Valdez: Here it is. The page in Facebook. It’s called Wrap UR Dreams. I already have lots of friends.
Valdez is one of thousands of Latinos who’ve gotten help at this one-stop shop for financial services since it opened eight months ago.
Valdez: I feel like this whole building is my family. It’s the first time that an organization has taken the time and wants to support us as Latinos.
The man who brought all these nonprofits together under one roof is Luis Granados. He’s the executive director of the Mission Economic Development Agency. His organization paid more than $9 million to buy the building and turn it into a financial resource center for Latino immigrants.
Luis Granados: I often hear them talk about, ‘Is this space really for us? Really for us?’ And they can’t believe that such a nice space is actually dedicated to them.
Claudia Viek: When you walk into social service center, all you see is sort of failures around you.
Claudia Viek runs a statewide network of microlenders.
Viek: When you walk into Plaza Adelante, what you see is success around you.
The nonprofits at Plaza Adelante refer clients to each other. People don’t have to run around town getting legal advice here or financial advice there — they only need to climb a flight of stairs. And they can drop their kids at the day care on the way up.
Jessy Gonzalez: Location, location, location is everything.
Jessy Gonzalez is the executive director of Caminos, the computer center that loaned Carmina Valdez her laptop. He says the nonprofits at Plaza Adelante can save money by sharing expenses on everything from copy machines to accountants. They could also throw joint fundraisers.
Gonzalez: When someone has an event, it’s an event for everyone. So everybody benefits.
The idea of bringing a variety of services under one roof isn’t new. There are nearly 200 nonprofit centers in the U.S. But typically they bring together social service or community development organizations.
China Brotsky is managing director of Tides Shared Spaces, which sets up nonprofit centers.
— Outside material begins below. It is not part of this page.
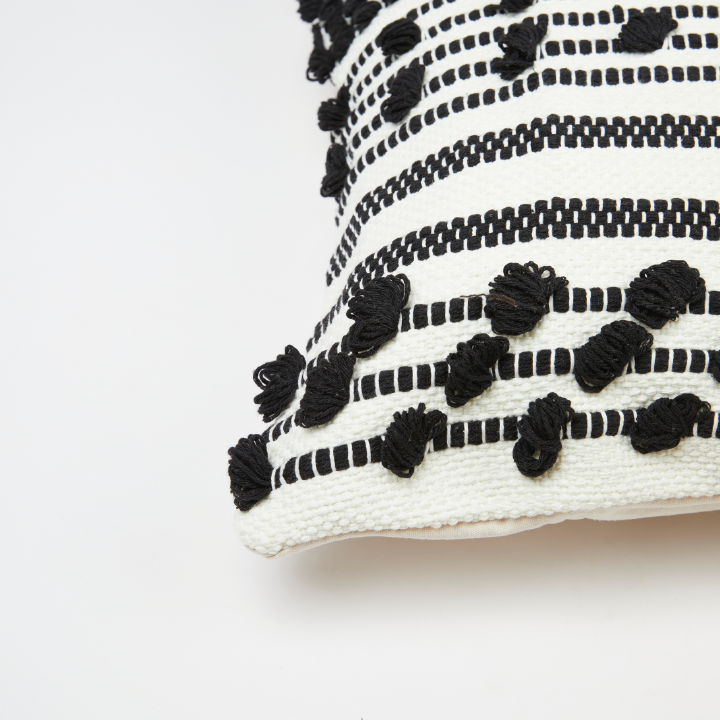 Funda de Cojín Deco Azabache 45 x 45 cm Relan-1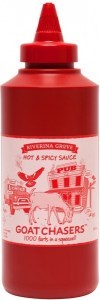 Riverina Grove Bum Hummers Goat Chaser (Hot & Spicy) Sauce  500ml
She says Plaza Adelante is one of a kind.
China Brotsky: I don’t know of any others that do what they’re doing.
Brotsky says Plaza Adelante has already inspired a group of day laborers in Denver to organize a similar center.
Brotsky: Especially in this economy, a building that’s really focused on wealth creation and financial literacy for immigrant Latinos is just something that’s incredibly needed and there aren’t a lot of other options that these people have.
So it allows someone like Carmina Valdez to go in looking for a small business loan and come out with the small business itself.
Valdez: Without Plaza Adelante, there would not be this market and I wouldn’t have this business.
She says someday she hopes her gift shop will help pay her way through business school.
I’m Jennifer Collins for Marketplace Money.